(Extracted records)
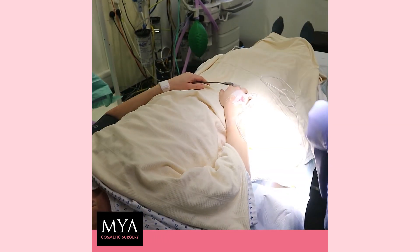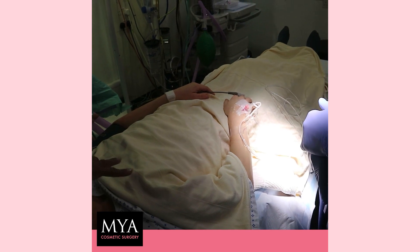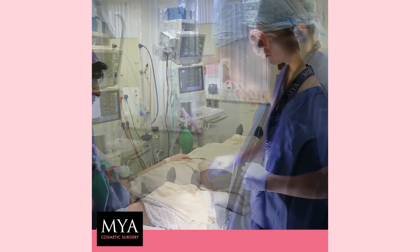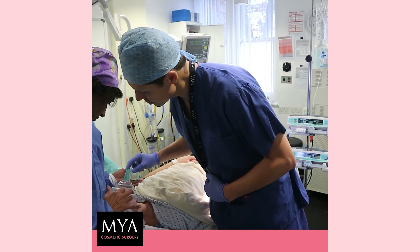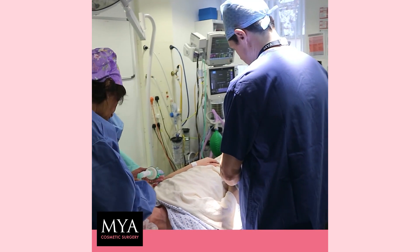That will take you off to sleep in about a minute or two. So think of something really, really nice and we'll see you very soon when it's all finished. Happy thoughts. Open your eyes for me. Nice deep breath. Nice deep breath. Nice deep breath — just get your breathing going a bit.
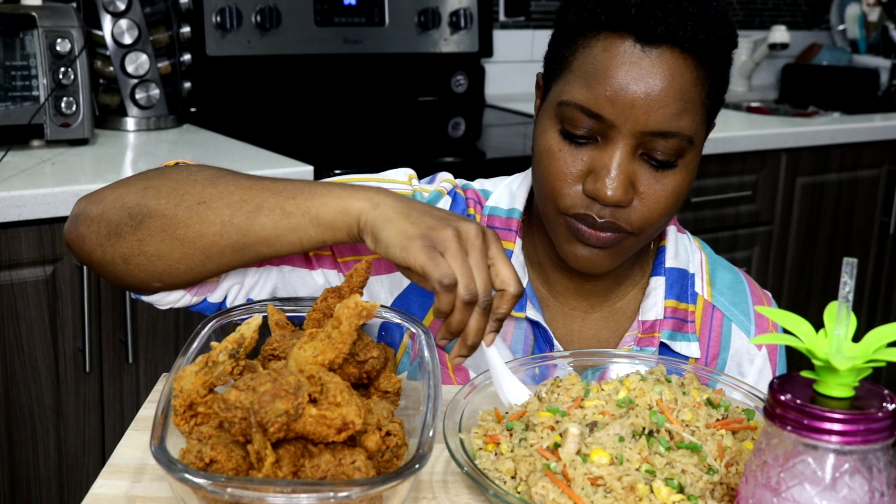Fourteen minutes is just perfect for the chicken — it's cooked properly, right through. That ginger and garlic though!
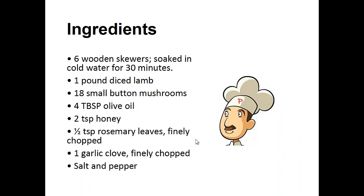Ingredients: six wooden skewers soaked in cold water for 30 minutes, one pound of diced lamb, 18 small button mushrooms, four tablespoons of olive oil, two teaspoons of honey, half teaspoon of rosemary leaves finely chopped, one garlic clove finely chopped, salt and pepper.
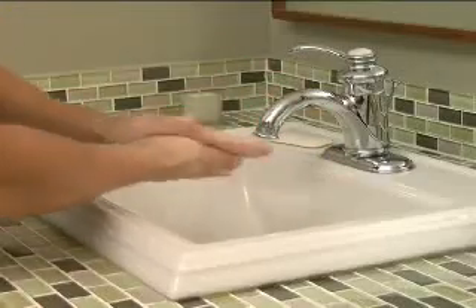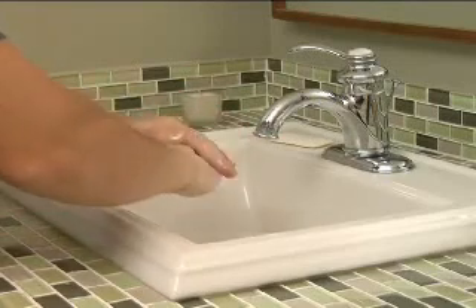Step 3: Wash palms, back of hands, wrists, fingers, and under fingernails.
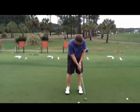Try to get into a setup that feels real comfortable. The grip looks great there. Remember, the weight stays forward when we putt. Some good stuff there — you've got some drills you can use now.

> _Work item_: Every entry above, pictures excluded, needs to be duplicated exactly.

> _Task output_:
That will take you off to sleep in about a minute or two. So think of something really, really nice and we'll see you very soon when it's all finished. Happy thoughts. Open your eyes for me. Nice deep breath. Nice deep breath. Nice deep breath — just get your breathing going a bit.
Fourteen minutes is just perfect for the chicken — it's cooked properly, right through. That ginger and garlic though!
Ingredients: six wooden skewers soaked in cold water for 30 minutes, one pound of diced lamb, 18 small button mushrooms, four tablespoons of olive oil, two teaspoons of honey, half teaspoon of rosemary leaves finely chopped, one garlic clove finely chopped, salt and pepper.
Step 3: Wash palms, back of hands, wrists, fingers, and under fingernails.
Try to get into a setup that feels real comfortable. The grip looks great there. Remember, the weight stays forward when we putt. Some good stuff there — you've got some drills you can use now.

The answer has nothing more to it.